Ini tidak terjadi di zaman sekarang saja, bahkan jauh sebelum itu. Bisa kita lihat dokumentasinya sejak zaman Bung Karno, tiap tahun selalu ada sembako yang harus diantrikan. Dan memang tidak selalu sama. Kadang beras, kadang telur ayam (dan termasuk penunjangnya, yaitu elpiji).
Mengapa ini selalu terulang? Apa kerja badan statistik kita yang tak becus? Apa karena tata niaga perdagangan yang tak pernah dibenahi? Ataukah ada mafia sembako yang berkuasa? Jika pertanyaan terakhir ini yang menjadi muasalnya, kenapa tidak dibasmi? Mengapa kita tiap tahun mengulang-ulang hal yang sama, meskipun komoditinya berbeda?
Terlepas dari hal itu, kelakuan kita dalam mengantri sembako, masih mengindikasikan kita sebagai negara berkembang. Dimanapun negara berkembang, selalu urusannya soal perut. Tentu berbeda dengan negara maju, antriannya sering berkisar pada hal sekunder bahkan tersier, semacam antri beli gawai terbaru.
Dan tingkah laku dari warga negara berkembang saat mengantri itu, masih menjadi sorotan tajam. Tidak cuma Indonesia saja, yang di negara jiran sering diolok-olok. Setiap ada orang yang menyerobot baris antrian, pasti dituduh orang Indonesia. Seakan sudah menjadi mitos. Hal ini sebenarnya kebiasaan yang berlaku umum di negara berkembang. Tidak cuma di Indonesia.
Makanya kita sebagai bangsa yang besar, harus memupus mitos itu. Sehingga tak perlu ada aparat keamanan maupun penjaga, agar antrian berjalan tertib. Alangkah eloknya apabila kita mengantri dengan teratur. Tak perlu dorong-dorongan maupun ribut dengan sebelah. Apalagi nyelonong karena dapat bantuan orang dalam.
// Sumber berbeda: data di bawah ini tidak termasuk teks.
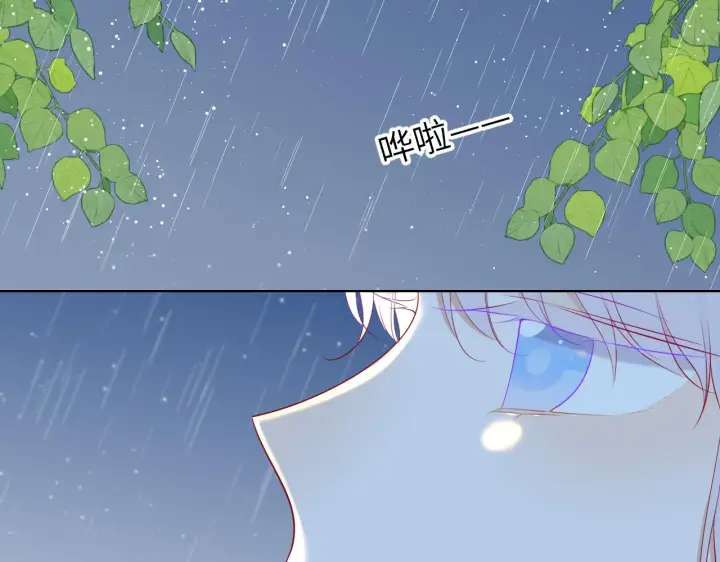 漫画《星辰于我》第94话 讨厌全世界却爱上了唯一的你第43张图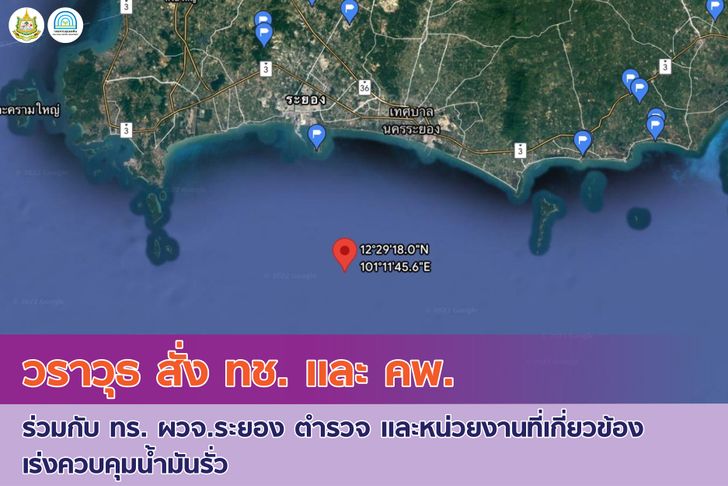 rayong-oil-spill-pcd-260122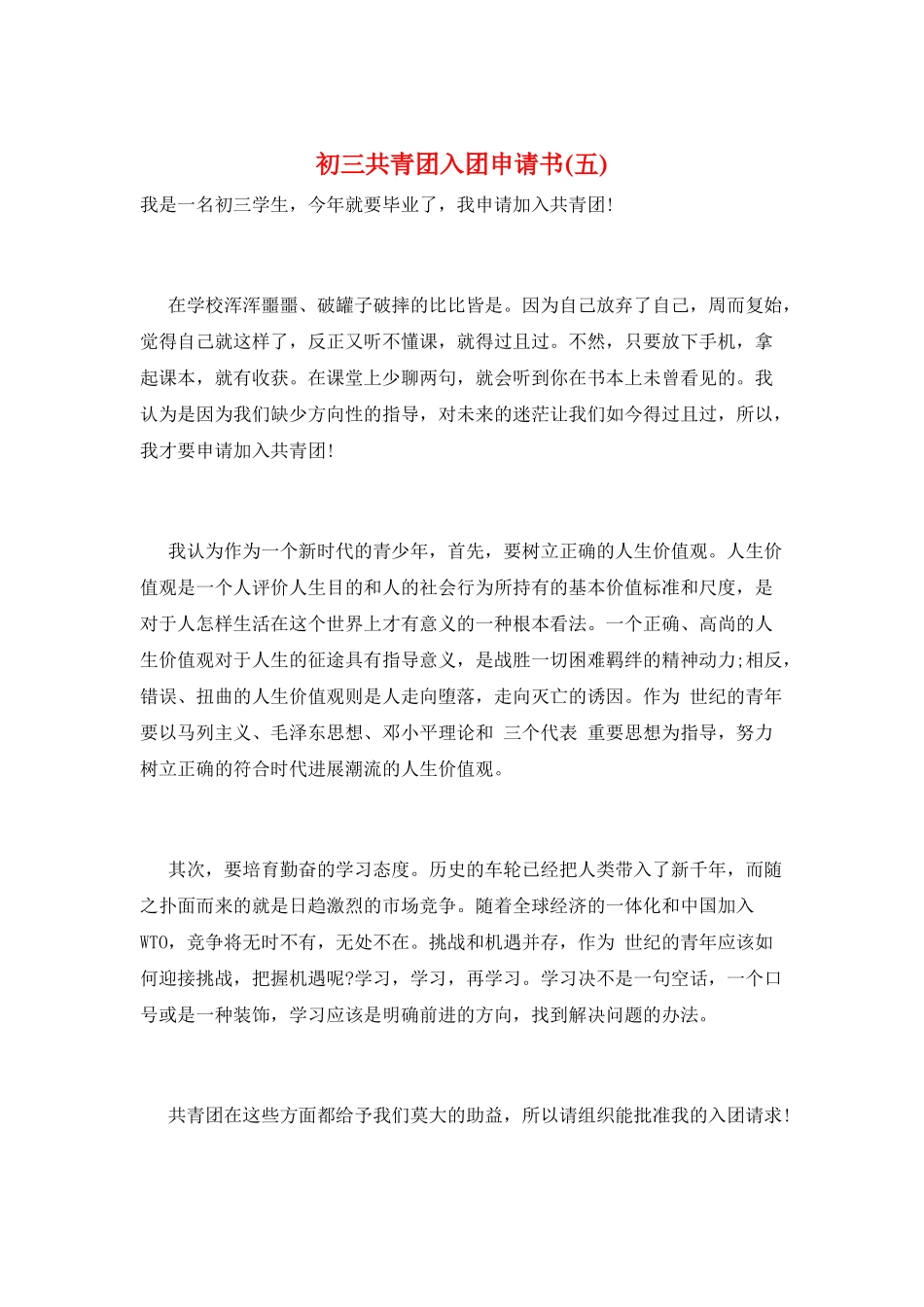初三共青团入团申请书_第1页
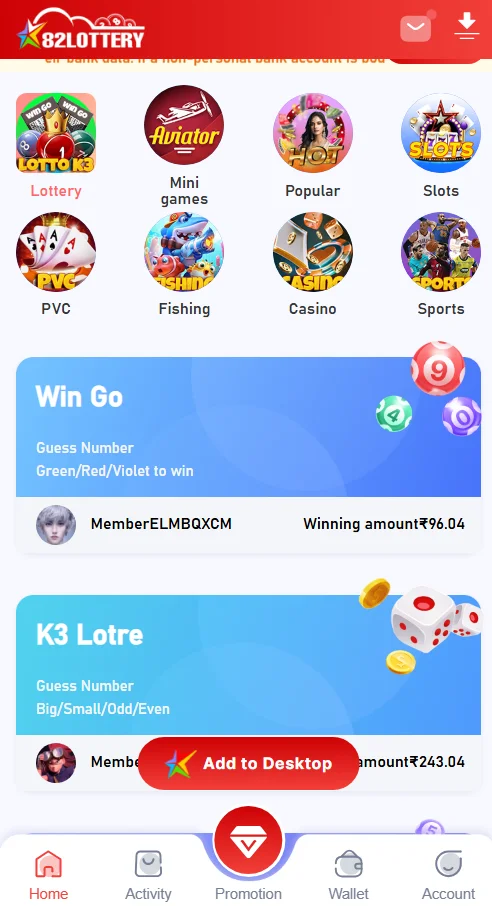play lottery games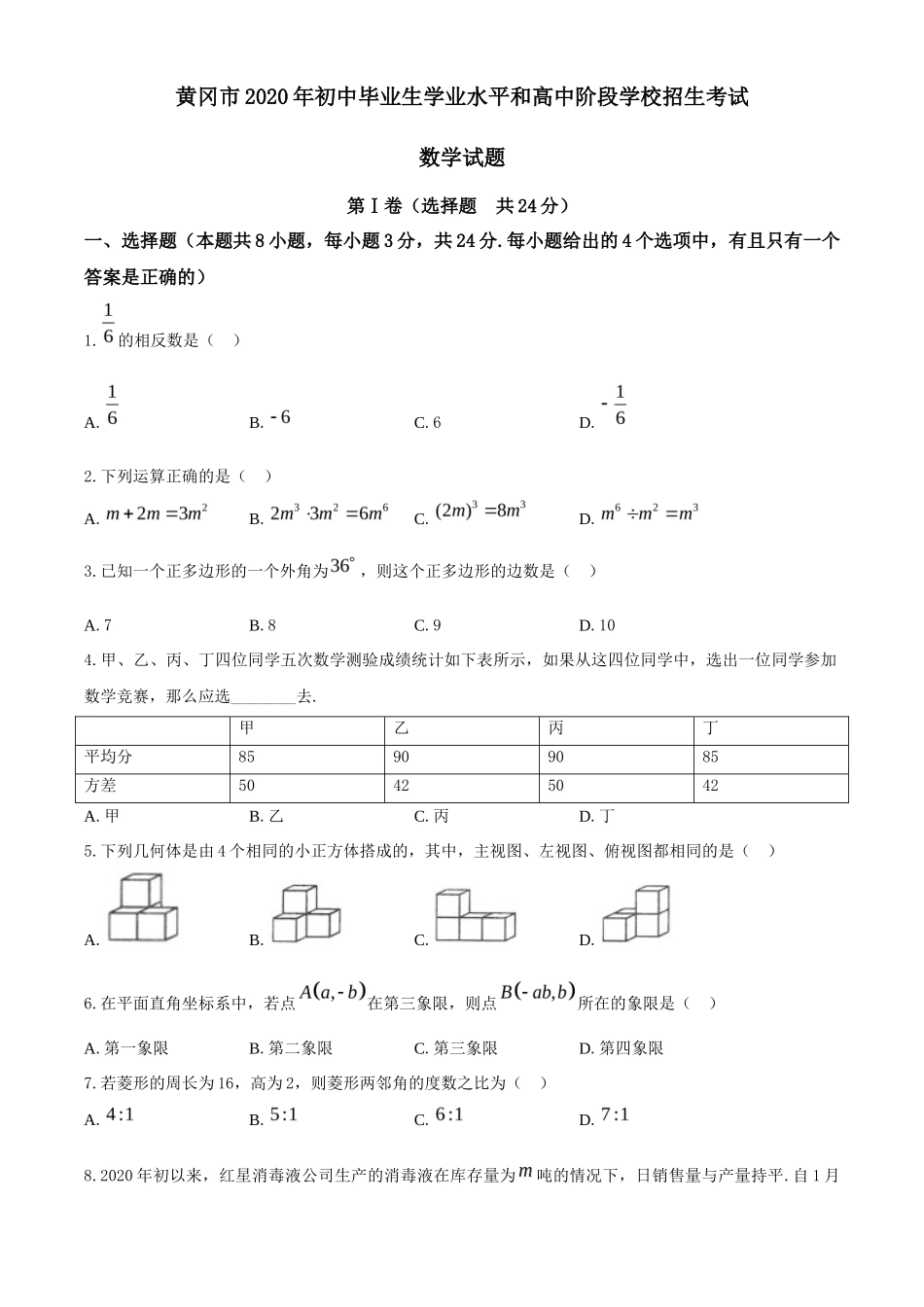 湖北省黄冈市2020年中考数学试题_第1页
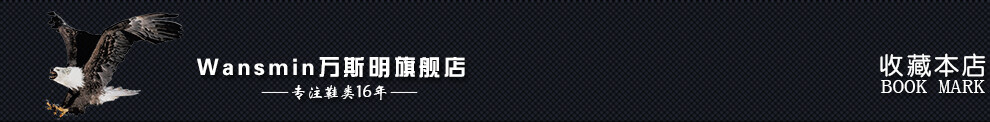 万斯明潮流拖鞋韩版休闲潮拖鞋沙滩拖鞋一字潮拖室内情侣拖鞋免邮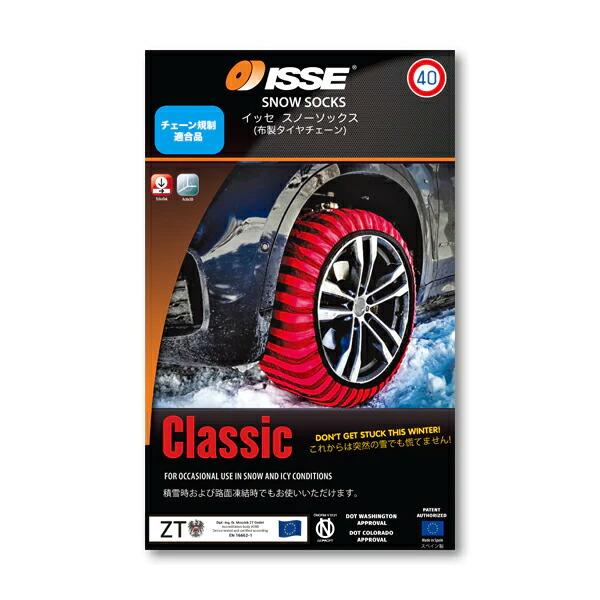 ISSE イッセ スノーソックス クラシックモデル タイヤサイズ265/50R19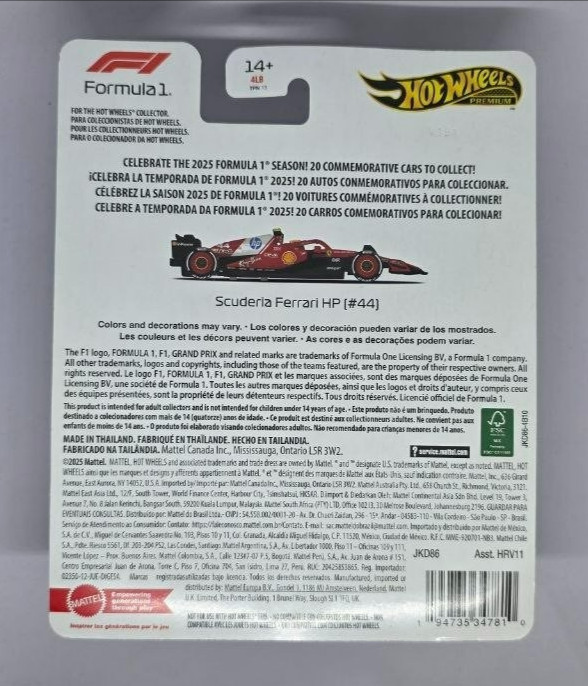 Hot Wheels Premium Ferrari F1 Lewis Hamilton #44 HRV11 1:64 Mattel 2026 NEW MINT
Tentu kesadaran ini harus dipupuk sejak kecil. Melalui keluarga dan sekolah. Jika melalui sekolah, tidakkah perlu dipikirkan memasukkan budaya antri, sebagai sebuah entitas yang bisa menimbulkan bangsa lain yang melihat menjadi berdecak kagum? Jika iya, mestinya kurikulum kita segera mengadopsinya.